「菅原伝授手習鑑」
車曳の段
小住の梅王丸に碩の桜丸が血気にはやる若者らしく、好演。碩の桜丸はおっとりというにはかちゃかちゃしていたが。松王丸の藤が舞台袖から声掛けしながら登場する文楽には珍しい演出。時平の津国は大笑いで手が入った。豪快といには枯れた感じだったが、悪い感じは十分。ずいぶん長かったような。三味線は宗介が1人で5人に対峙。
茶筅酒は三輪・団七。言葉が明快で語り分けもきっちり。団七はいつになく難しそうな顔。
喧嘩の談は咲寿・清馗。
いつもより落ち着いた語りは好印象。
訴訟の段は芳穂・錦糸。
前段と打って変わって厳粛な雰囲気。ここまで重々しかったか。錦糸が弾いていない時、目をキョロキョロしていたのは何だったのか。気になった。
桜丸切腹は千歳・富助。待ってましたの声が掛かる。
抑制された緊張感のなか、穏やかに語りが進む。
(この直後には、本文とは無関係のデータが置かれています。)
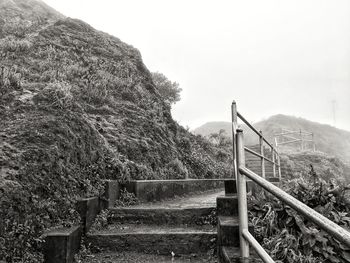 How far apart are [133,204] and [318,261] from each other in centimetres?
286

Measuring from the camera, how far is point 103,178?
5.01 m

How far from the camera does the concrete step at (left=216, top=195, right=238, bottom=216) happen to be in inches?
143

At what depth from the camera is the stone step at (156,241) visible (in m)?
3.75

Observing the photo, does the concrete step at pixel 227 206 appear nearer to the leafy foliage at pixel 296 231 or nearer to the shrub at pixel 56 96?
the leafy foliage at pixel 296 231

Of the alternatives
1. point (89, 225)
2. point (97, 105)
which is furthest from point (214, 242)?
point (97, 105)

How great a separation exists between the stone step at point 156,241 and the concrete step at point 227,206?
0.30 m

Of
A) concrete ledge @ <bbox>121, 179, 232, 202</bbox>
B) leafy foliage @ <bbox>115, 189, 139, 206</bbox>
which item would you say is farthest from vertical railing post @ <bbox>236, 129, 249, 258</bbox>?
concrete ledge @ <bbox>121, 179, 232, 202</bbox>

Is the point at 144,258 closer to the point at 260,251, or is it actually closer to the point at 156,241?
the point at 156,241

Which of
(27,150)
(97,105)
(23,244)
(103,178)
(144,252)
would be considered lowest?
(144,252)

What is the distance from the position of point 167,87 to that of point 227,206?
59.9 feet

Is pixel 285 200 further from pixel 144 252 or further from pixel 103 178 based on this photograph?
pixel 103 178

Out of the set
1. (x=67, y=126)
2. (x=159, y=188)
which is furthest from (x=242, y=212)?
(x=159, y=188)

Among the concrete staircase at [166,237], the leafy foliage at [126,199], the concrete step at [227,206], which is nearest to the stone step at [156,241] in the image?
the concrete staircase at [166,237]

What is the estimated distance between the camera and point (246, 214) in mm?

八重の悲嘆、白太夫の「泣くないやい」の件もとても良かったが、なぜか拍手がなかった。雰囲気を壊したくない遠慮からか。前段できちんと場の空気ができていたからいっそう、胸に迫ったのかと思った。
天拝山は藤・清友。
きっぱりした激しい三味線。
菅丞相が怒り心頭で火を吹くのは覚えていたが、その前に髪を振り乱して大暴れするのに驚く道明寺とキャラ変わりすぎ。
人形は車曳で、玉佳の梅王、勘弥の桜丸、玉助の松王が力漲る熱演。一輔の八重がさまざま表情を見せてよき。勘十郎の白太夫は役が軽すぎるかと思ったが、天拝山で一人舞うなどしどころが多くて納得。おかしみのあるまろやかな動きが素朴な爺さんらしい。